Inspired by folklore, television, fairy tales, social media, novels, and films, Just Wonder addresses crucial themes in social and ecological justice efforts. Moving into the mid-twenty-first century, wonder—as a potentially critical sociocultural, ecological, and individual stance—will play a significant role in reconceptualizing the present to imagine a different and better world.
These essays examine fairy tales and other traditional forms of the fantastic and the real to offer alternative expressions of justice relevant to gender, sex, sexuality, environment, Indigeneity, class, ability, race, decolonizing, and human and nonhuman relations. By analyzing fairy tales and wonder texts from various media through an intersectional feminist lens, Pauline Greenhill and Jennifer Orme consider how wonder genres and forms blend with diverse conceptions of seeking and enacting justice. International collaborators—both established and emerging scholars who self-identify with different subjectivities, locations, and generations and come from an impressive range of inter/disciplines—engage with contemporary and historical texts from various languages and cultural contexts, including interventions, counterparts, and comparisons to the fairy tale. Just Wonder offers a critical look at how creative wondering can expand the ability to resist modes of oppression while fostering equity, as well as encourage curiosity and imagination.
In a world that can be overwhelming and precarious, this book presents scholarly, artistic, personal, and collective-action interventions to identify and respond to injustice while centering wonder and, thus, imagination, questioning, and hope. Just Wonder will appeal to fairy-tale scholars; folklorists; students and scholars of film, media studies, and cultural studies; as well as a general audience.

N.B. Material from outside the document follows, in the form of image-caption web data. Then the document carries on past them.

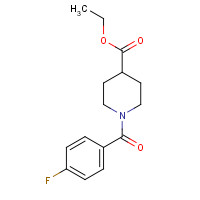 330469-28-8 ethyl 1-(4-fluorobenzoyl)piperidine-4-carboxylate chemical structure
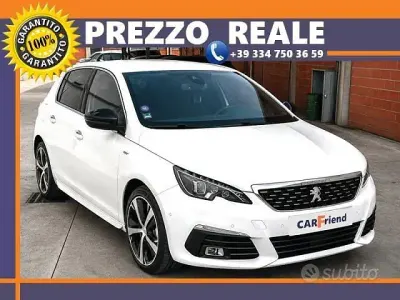 Usata Peugeot 308 GT-line 131 CV (96 kW) 2018 Bianco Berlina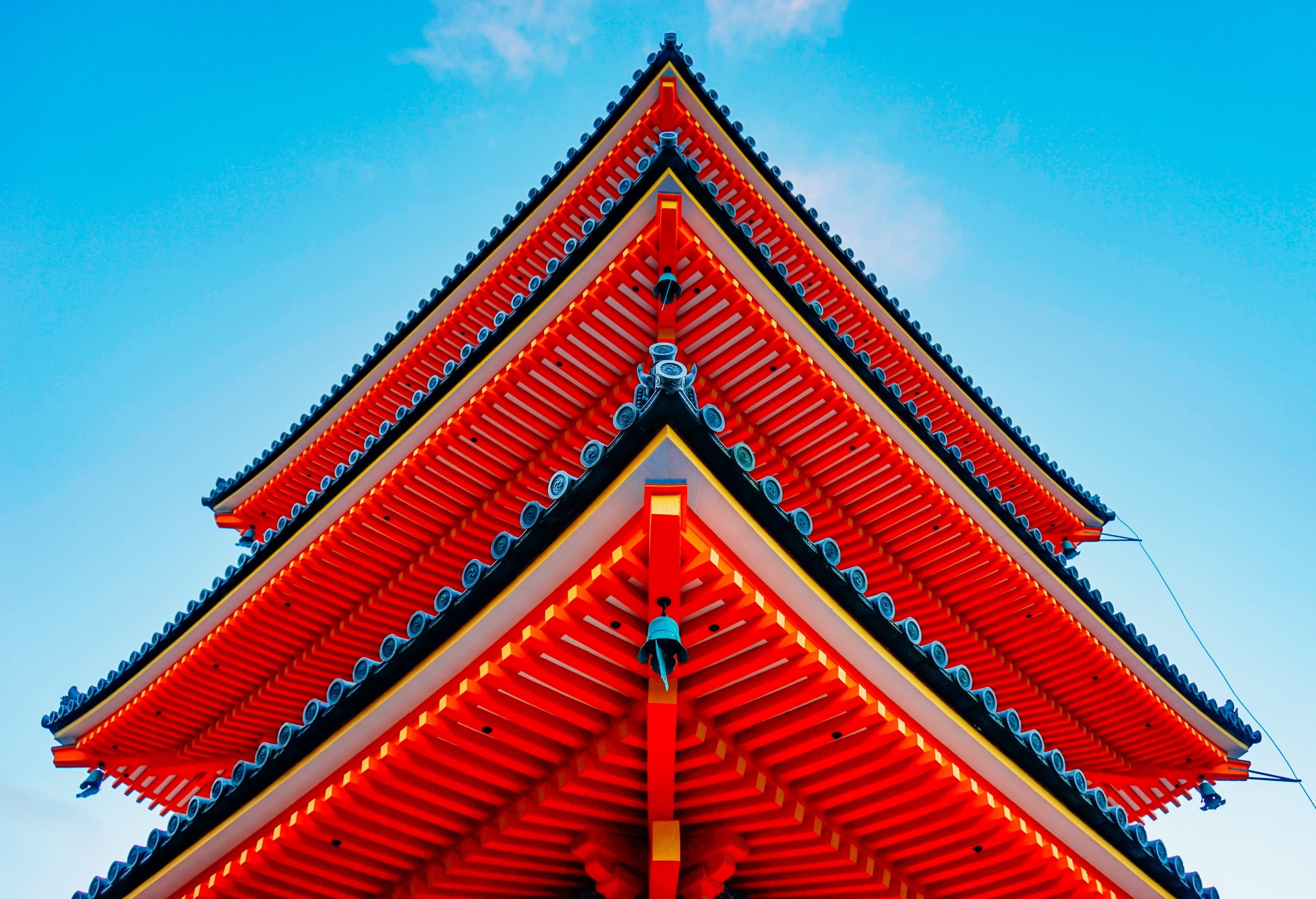 Lisheng Chang, decoration, Asian architecture, design, roof, ornate, no people, creativity, religion, building, belief, sky, outdoors, low angle view, red, HD Wallpaper
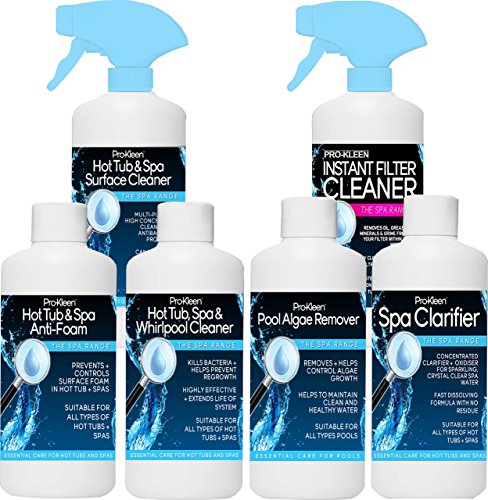 Buy Pro Kleen Complete Hot Tub Spa Pool Cleaning Kit 1L Hot Tub 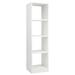 Costway 5 Tiers 4-Cube Narrow Bookshelf with 4 Anti-Tipping Kits-White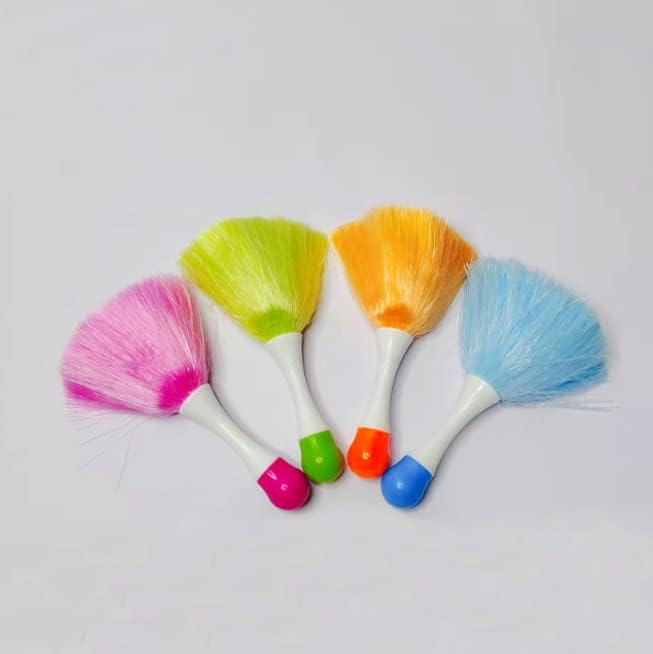 Static Duster - 8" Inch Travel Duster - Electrostatic Duster attracts dust Like a Magnet (Orange)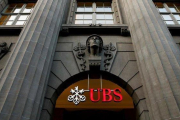 Oficinas de UBS en Zúrich.-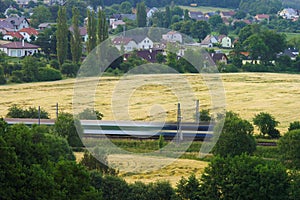 Train ridden landscape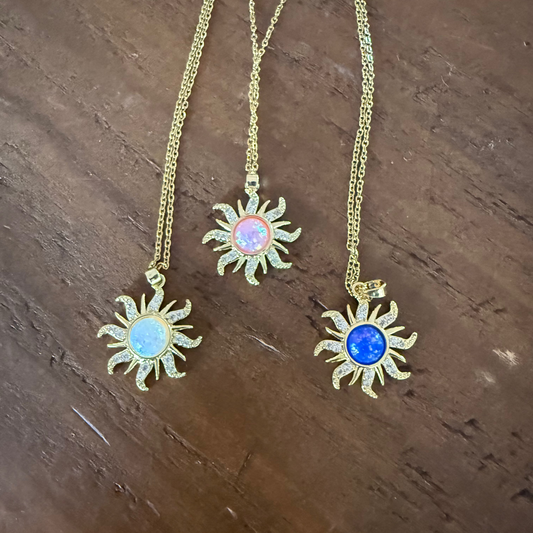 cz sun pendant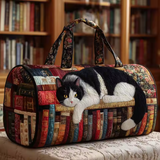 Library Cat Travel Bag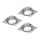 Eglo - SET 3x LED Einbauleuchte PINEDA 1xLED/4,9W/230V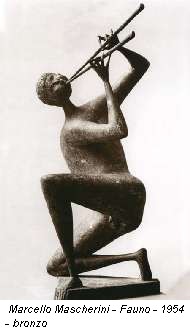 Marcello Mascherini - Fauno - 1954 - bronzo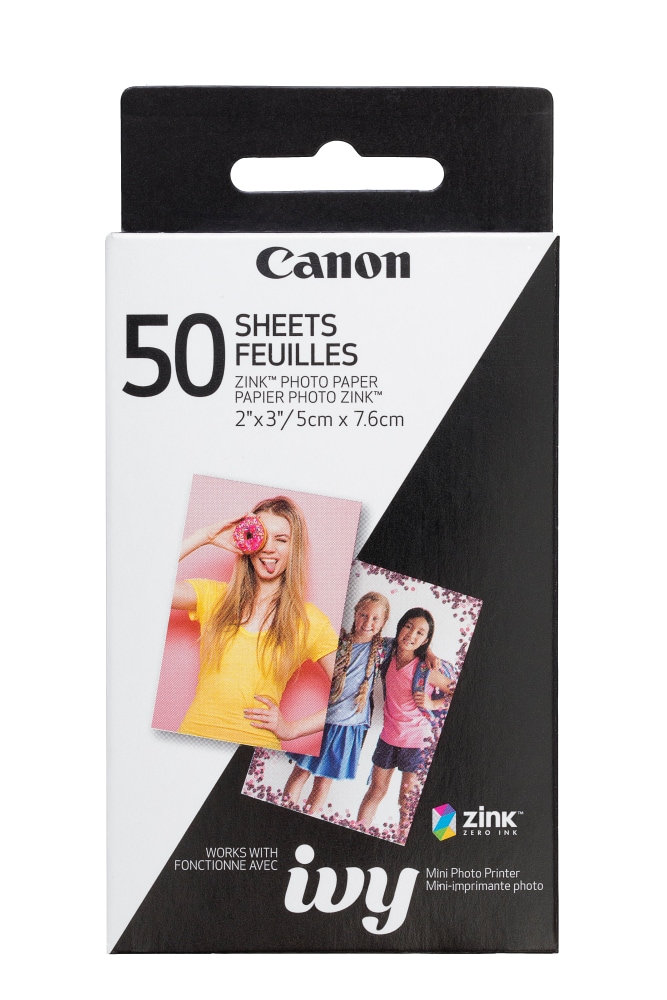 Canon ZP203050 2 x 3 inch ZINK Photo Paper for CLIQ - 50 Sheets, 1 - Ralphs Canon ZP203050 2 x 3 inch ZINK Photo Paper for CLIQ - 50 Sheets, 1 - Ralphs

Pauline Greenhill is professor of women’s and gender studies at the University of Winnipeg in Manitoba, Canada. She is the author or coeditor of numerous books including
Fairy Tale TV, Make the Night Hideous, Unsettling Assumptions, The Routledge Companion to Media and Fairy-Tale Culture, and Clever Maids, Fearless Jacks, and a Cat. Her work has appeared in
Signs, Marvels & Tales, Studies in European Cinema, Resources for Feminist Research,
Folklore,
NECSUS,
Canadian Journal of Women and the Law, and
parallax, among others.
Jennifer Orme is an independent scholar, editor, and writer in Toronto, Canada. She coedited the creative anthology
Inviting Interruptions: Wonder Tales in the Twenty-First Century and has published on fairy tales in academic journals and books. Additionally, she has written magazine feature articles, multisensory ghost and adventure tales, and creative nonfiction.